Tjo, am besten sind die leute die sich nen billigen 45Ps Polo oder so kaufen aber nen Mega Spoiler dranbauen, das es einfach nur peinlich ausschaut. Dann machen sie es meistens noch net mal selber, sondern lassen es ne Werkstatt machen.

Respekt habe ich nur vor den richtien "Schraubern"


----------



## Thoor (3. Juli 2009)

Stancer schrieb:


> Tjo, am besten sind die leute die sich nen billigen 45Ps Polo oder so kaufen aber nen Mega Spoiler dranbauen, das es einfach nur peinlich ausschaut.

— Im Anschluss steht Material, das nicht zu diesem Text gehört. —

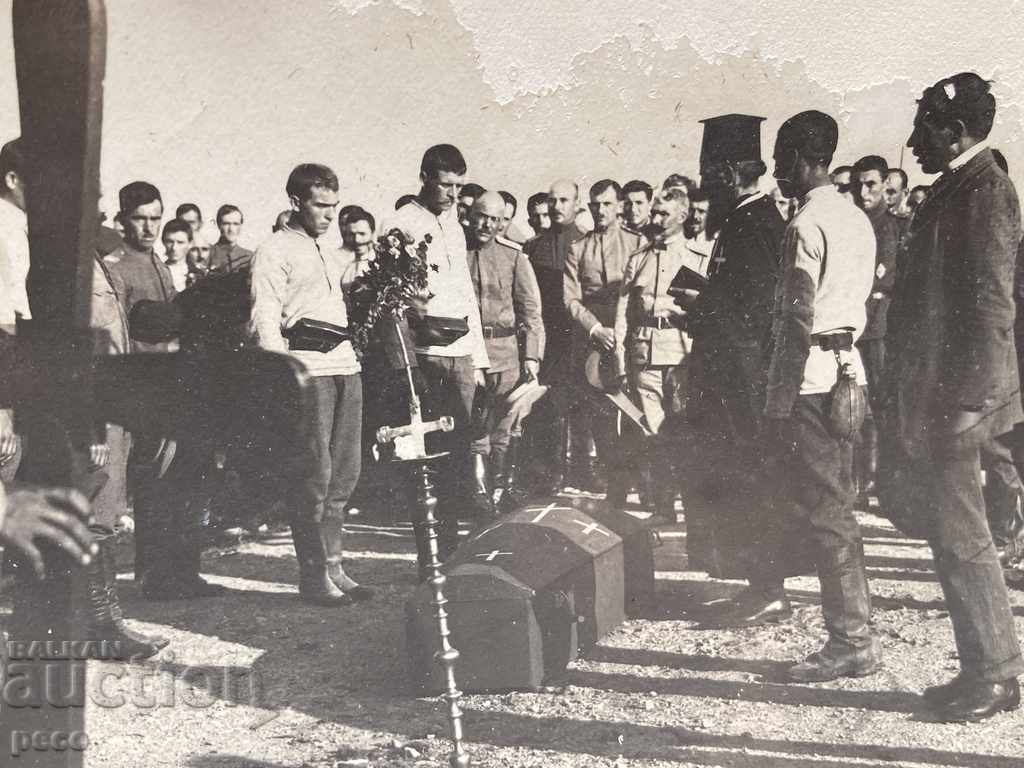 Δημοπρασία Ιερέας Στρατιωτική ταφή Ένας συντρόφιος σκοτώθηκε Δημοπρασία Ιερέας Στρατιωτική ταφή Ένας συντρόφιος σκοτώθηκε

Dann machen sie es meistens noch net mal selber, sondern lassen es ne Werkstatt machen.
> 
> Respekt habe ich nur vor den richtien "Schraubern"


du guckst sicher auch noch auf Rtl 2 "Die Autoschrauber" und glaubst noch das des echt ist oder guckste gleich "Pimp My Ride"? Wenn du nur Müll von dir gibst such dir ne Müllhalde thx....

Ich liebe nichts mehr auf dieser Welt als Autos, seit ich 12 bin wollt ich immer Automech werde, und werde ich bald auch werden (nach der 1. Ausbildung), und warum kommt n so n behinderter Comment mit nem Mega Spoiler? Lies mal unter dem Titel "Nein kein gelegter tiefergelegter weisser Golf GTI 2".... Mein Gott, ich wollt hier keine Beratung was ich mit meinem Geld machen soll ( Ich spar btw für sowas seit ich 14 bin also seit ca 4 Jahren... 5 stelliger Betrag ist geschafft, aber soll was ordentliches werden...), na ja ich hab mich mal umgeschaut, Recaro Schalensitze kosten so zwischen 500 und 1000 euro, davon bräucht ich 2 also sagen wir mal 1400 Euronen, dann nen Endtopf von Remus für ca 300 Euro, tieferlegungssatz von KW kostet ca 100-150 Euro ohne Einbau, Felgen kosten ca 2000 Euro (Ne keine BBS felgen, Barracuda FTW!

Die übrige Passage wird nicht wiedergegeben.